(Beginning of Source data)

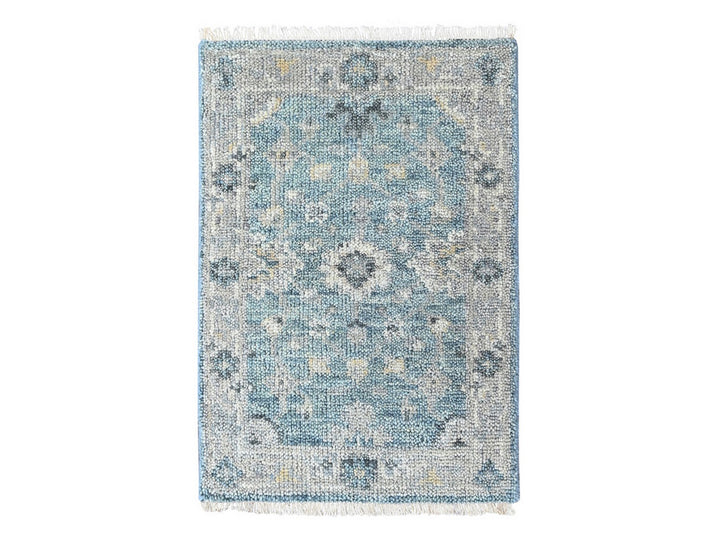 2'0" x 3'0" New Hand Knotted Blue Wool Rectangle Oriental Rug - MOA10210494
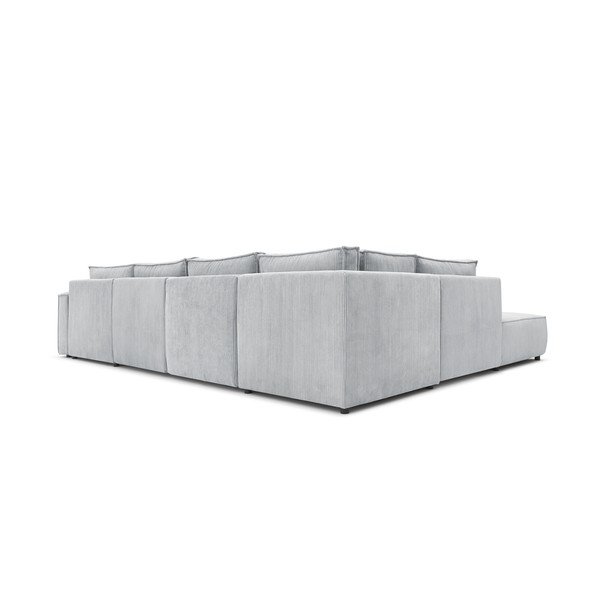 Világosszürke kordbársony sarokkanapé (bal oldali-"U" alakú) Nihad modular – Bobochic Paris-image-4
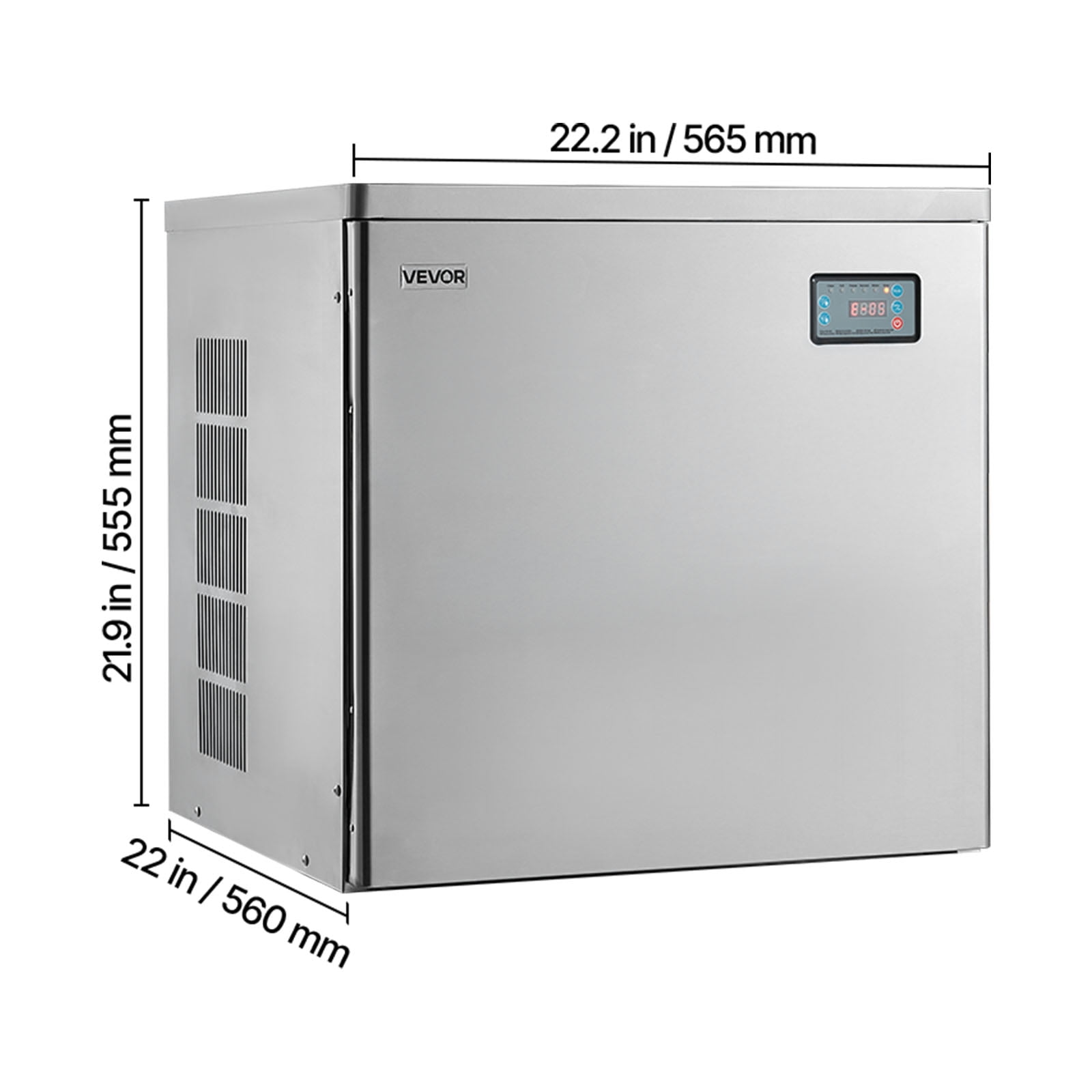 VEVOR Commercial Ice Maker Machine - Head, 450 Lbs/Day Stainless Steel Ice Machine with Scheduled Ice-Making, Self-Cleaning, Adjustable Thickness, Ideal for Restaurant Bar Cafe Hotel - Head Only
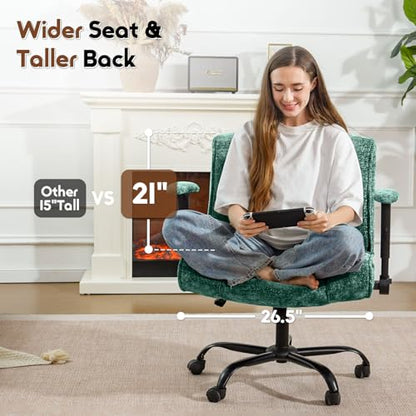 Criss Cross Chair with Wheels & Flip Arms, Wide Cross Legged Office Chair with Adjustable Tilt Criss-Cross Desk Chair with Lumbar Support for Home Office, Bedroom, Apartment Green - color: Green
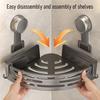 Yousheng Bathroom Storage Rack No-Drill Corner Shelf with Strong Suction Cups Rustproof Shower Organizer Space-Saving Triangular Bathroom Shelf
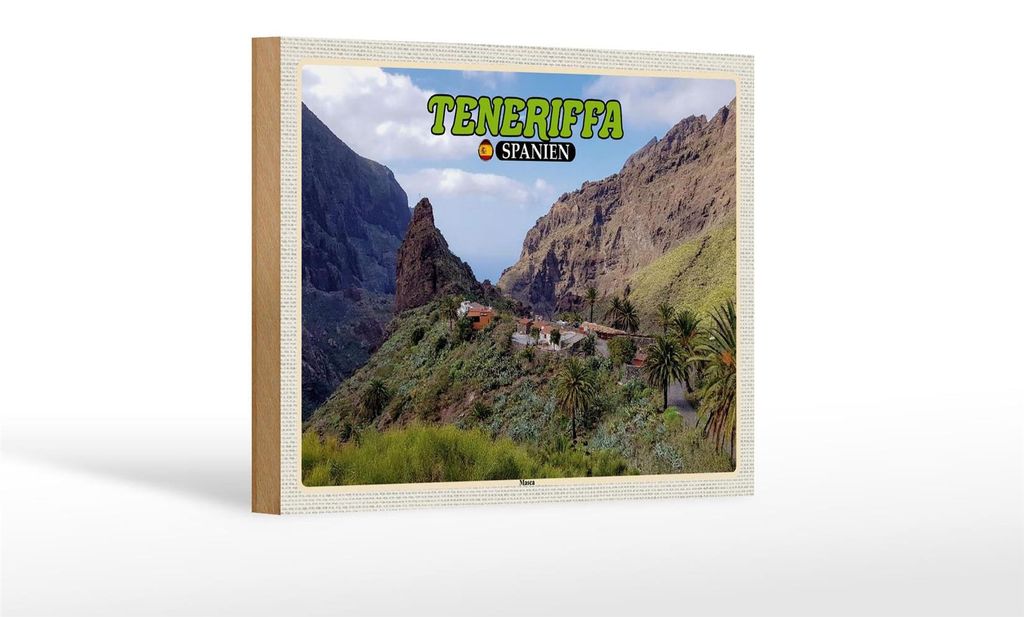 Holzschild Reise 18x12 cm Teneriffa Spanien Masca Bergdorf Gebirge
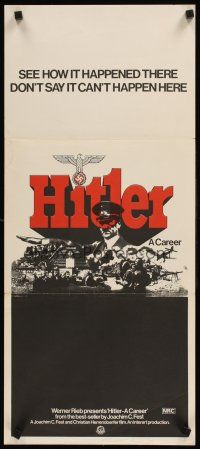 9p687 HITLER A CAREER Aust daybill '77 Hitler - eine Karriere, Der Fuhrer giving Nazi salute!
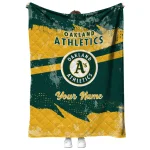 custom oakland athletics brushstroke layers green quilt blanket best selling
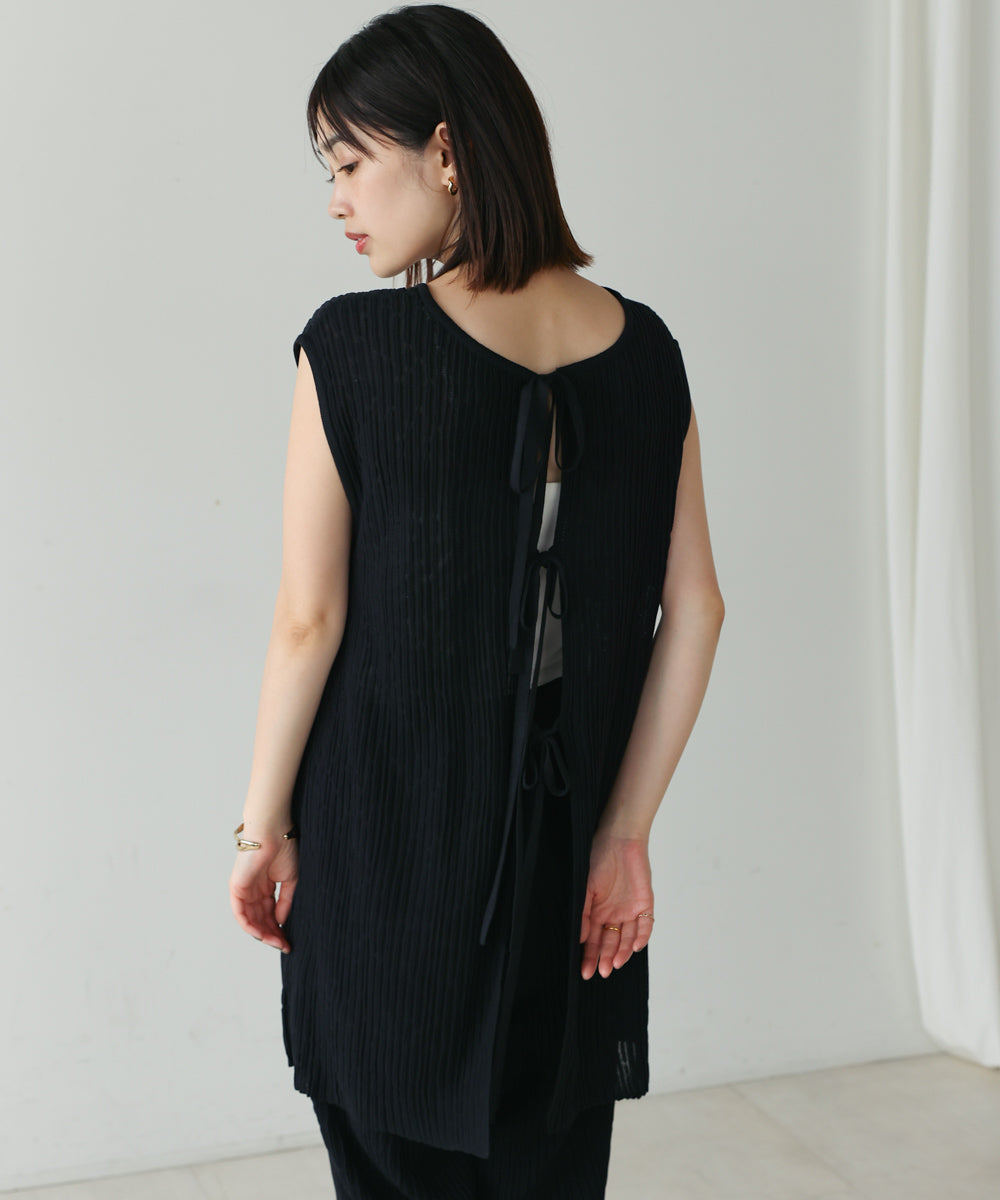 前後2WAYウェービーメッシュニットチュニック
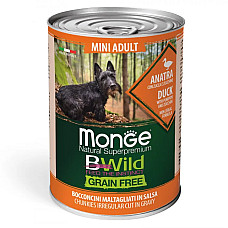 Влажный корм для собак Monge Dog Wet Bwild Grain Free Mini Adult утка, тыква и цуккини, 400 г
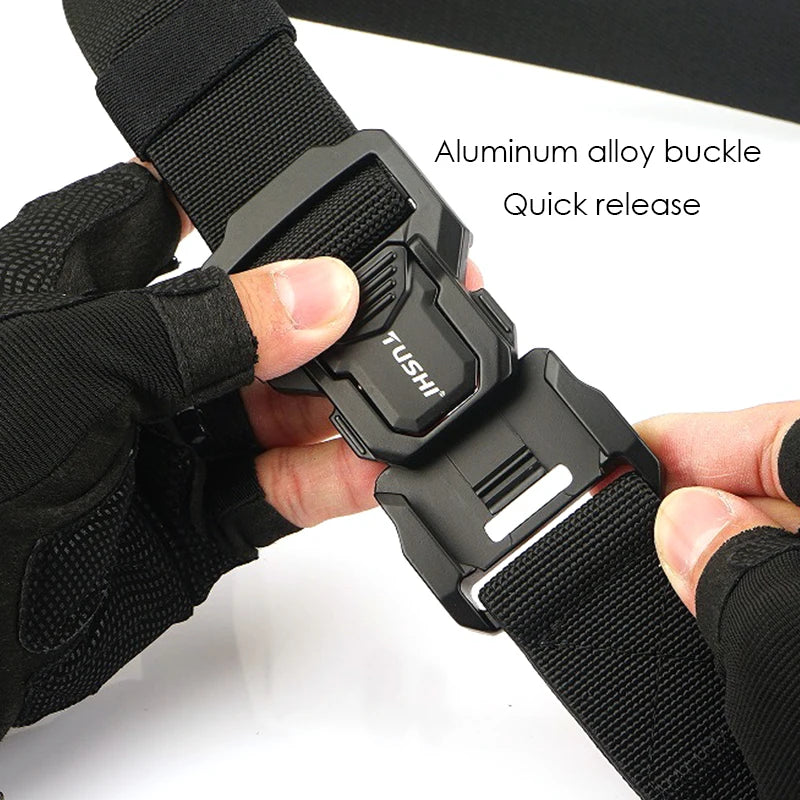 VATLTY Elastic Belt for Men/Unisex Aluminum Alloy Hiking Military Tactical Belt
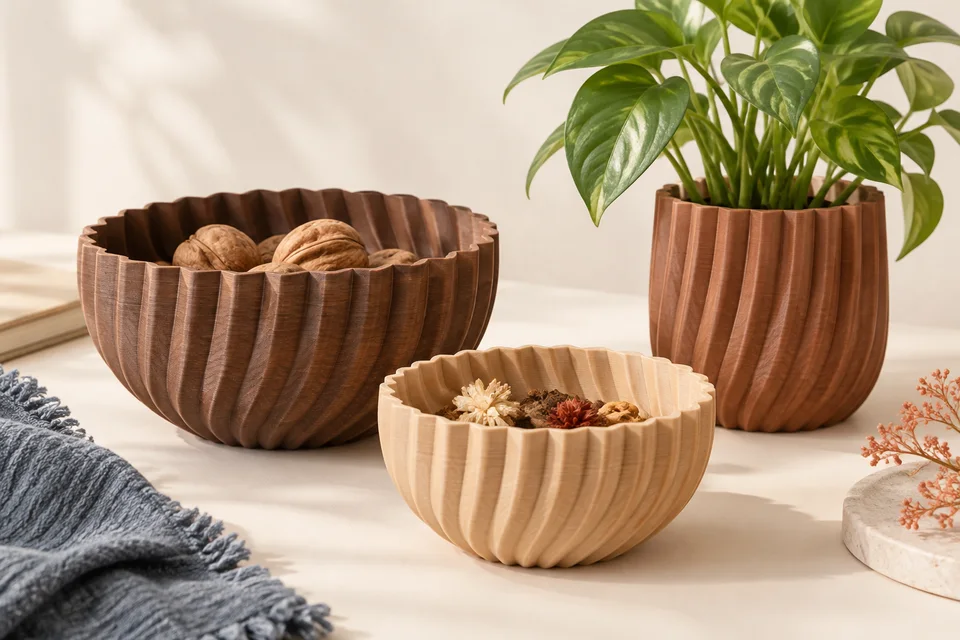 PLA Wood 的 花盆外套、小碗、木質風格擺飾。 材質用途示意；AI 生成，非實拍或性能測試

(End of Source data)

◆ Prompt
The material above holds pictures; leave them out. Repeat exactly the lines from the one containing "Yousheng Bathroom Storage" through the one containing "9p687 HITLER A", and nothing else.

◆ Answer to this task
 Yousheng Bathroom Storage Rack No-Drill Corner Shelf with Strong Suction Cups Rustproof Shower Organizer Space-Saving Triangular Bathroom Shelf
 Holzschild Reise 18x12 cm Teneriffa Spanien Masca Bergdorf Gebirge
 9p687 HITLER A CAREER Aust daybill '77 Hitler - eine Karriere, Der Fuhrer giving Nazi salute!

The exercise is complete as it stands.